Radiology's limited capacity may be only a contributing, rather than deciding, factor in the adoption of molecular imaging. Vendors are pushing forward with the technology and the infrastructure for its development. At a press briefing during the RSNA meeting, executives of GE Medical Systems described a major new business platform based on functional imaging, which includes molecular imaging. Dow Wilson, manager of GE's functional imaging group, singled out oncology applications and Alzheimer's disease as the most likely early targets for application of molecular imaging. The company's sales of PET equipment has doubled over the last 12 months, Wilson said, suggesting the depth of interest in procedures that track disease function and not just the anatomical distortion most commonly seen in conventional images.

"This opens up a world of personal and preventive medicine that hasn't previously been available," Wilson said.

Siemens Medical Solutions and Philips Medical Systems also have their sights set on molecular imaging. Dr. David Rollo, the chief medical officer at Philips, called PET "the ultimate" for this new breed of diagnostic medicine. For heart attack patients in whom function of cardiac tissue is in doubt, a contest is being waged between PET, which can image specific molecules that are dying, and MRI, which traditionally uses a washout technique to assess tissue viability.

"If you need to know whether a bypass needs to be done, PET gets you the answer a lot quicker," Rollo said.

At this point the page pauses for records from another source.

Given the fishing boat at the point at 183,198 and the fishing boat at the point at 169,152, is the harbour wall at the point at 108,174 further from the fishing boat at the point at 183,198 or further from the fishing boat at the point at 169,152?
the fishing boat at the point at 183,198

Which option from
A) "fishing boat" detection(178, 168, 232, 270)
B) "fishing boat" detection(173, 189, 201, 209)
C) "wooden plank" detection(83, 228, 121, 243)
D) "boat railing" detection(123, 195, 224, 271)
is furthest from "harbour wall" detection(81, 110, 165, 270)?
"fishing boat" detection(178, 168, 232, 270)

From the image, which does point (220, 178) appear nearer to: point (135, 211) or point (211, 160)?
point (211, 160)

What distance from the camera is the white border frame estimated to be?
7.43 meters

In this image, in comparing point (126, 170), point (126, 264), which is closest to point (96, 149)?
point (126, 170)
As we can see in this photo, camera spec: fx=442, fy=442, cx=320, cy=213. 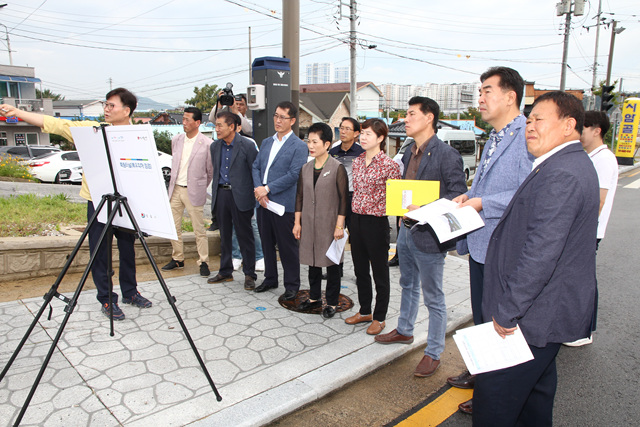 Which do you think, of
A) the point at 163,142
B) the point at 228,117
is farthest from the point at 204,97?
the point at 228,117

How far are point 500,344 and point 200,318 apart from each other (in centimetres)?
307

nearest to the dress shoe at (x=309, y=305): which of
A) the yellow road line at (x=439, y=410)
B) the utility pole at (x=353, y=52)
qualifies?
the yellow road line at (x=439, y=410)

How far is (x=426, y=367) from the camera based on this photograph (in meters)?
3.61

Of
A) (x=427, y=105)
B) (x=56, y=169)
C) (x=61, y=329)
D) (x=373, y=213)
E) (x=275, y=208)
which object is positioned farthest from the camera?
(x=56, y=169)

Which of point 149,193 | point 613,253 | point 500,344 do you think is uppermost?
point 149,193

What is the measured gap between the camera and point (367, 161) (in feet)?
13.4

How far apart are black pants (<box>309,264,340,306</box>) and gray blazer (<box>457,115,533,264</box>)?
72.4 inches

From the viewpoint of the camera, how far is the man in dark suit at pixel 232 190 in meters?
5.32

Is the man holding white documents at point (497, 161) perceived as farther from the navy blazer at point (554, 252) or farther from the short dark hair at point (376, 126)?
the short dark hair at point (376, 126)

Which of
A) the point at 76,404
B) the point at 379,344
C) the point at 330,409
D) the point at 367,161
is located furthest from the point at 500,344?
the point at 76,404

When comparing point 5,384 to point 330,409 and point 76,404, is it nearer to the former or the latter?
point 76,404

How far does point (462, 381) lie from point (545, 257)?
1.91 m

Philips and other vendors are working closely with the NIH to organize and finance research with clinical sites, he added. Among research objectives in functional imaging are the development of systems with greater sensitivity to cancer and the fusion of CT and PET for more precise radiation treatment regimens. Siemens scientists believe that because MRI is relatively insensitive to disease detection at the molecular level, technical measures such as higher magnetic field strengths and stronger gradient fields are likely to be employed.

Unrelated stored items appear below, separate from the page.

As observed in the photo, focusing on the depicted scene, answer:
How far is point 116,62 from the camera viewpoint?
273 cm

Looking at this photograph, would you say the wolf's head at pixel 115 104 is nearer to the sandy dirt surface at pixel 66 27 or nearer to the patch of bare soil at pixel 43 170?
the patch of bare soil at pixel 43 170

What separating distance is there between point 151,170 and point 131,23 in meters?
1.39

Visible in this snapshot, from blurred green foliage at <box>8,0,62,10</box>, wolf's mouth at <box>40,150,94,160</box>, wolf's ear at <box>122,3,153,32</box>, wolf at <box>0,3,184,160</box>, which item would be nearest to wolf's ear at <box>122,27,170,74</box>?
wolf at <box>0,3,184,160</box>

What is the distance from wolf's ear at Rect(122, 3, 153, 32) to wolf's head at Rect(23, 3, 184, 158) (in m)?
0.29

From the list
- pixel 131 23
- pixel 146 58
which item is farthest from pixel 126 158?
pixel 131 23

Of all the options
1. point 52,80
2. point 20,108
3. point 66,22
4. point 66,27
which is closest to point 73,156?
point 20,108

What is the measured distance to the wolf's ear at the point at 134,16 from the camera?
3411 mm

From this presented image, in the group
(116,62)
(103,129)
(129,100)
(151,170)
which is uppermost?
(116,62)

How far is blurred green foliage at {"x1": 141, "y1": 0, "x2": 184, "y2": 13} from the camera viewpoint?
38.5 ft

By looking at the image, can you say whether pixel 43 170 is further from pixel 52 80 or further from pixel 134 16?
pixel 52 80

To boost the utility of imaging modalities, some equipment vendors are already working more collaboratively with pharmaceutical companies in developing new breeds of compounds designed to mark the earliest processes of disease. GE has announced agreements with both GlaxoSmithKline and Amersham Health.

Dr. James Thrall, head of radiology at Massachusetts General Hospital, sees threat and opportunity for those in his profession. Radiologists, he said, should be eager to collaborate with corporate partners in advancing molecular imaging under the control of radiology.

"We need to mobilize in this field like we did 20 years ago in MRI," Thrall said. "If we don't, we'll lose it (molecular imaging), to our great detriment."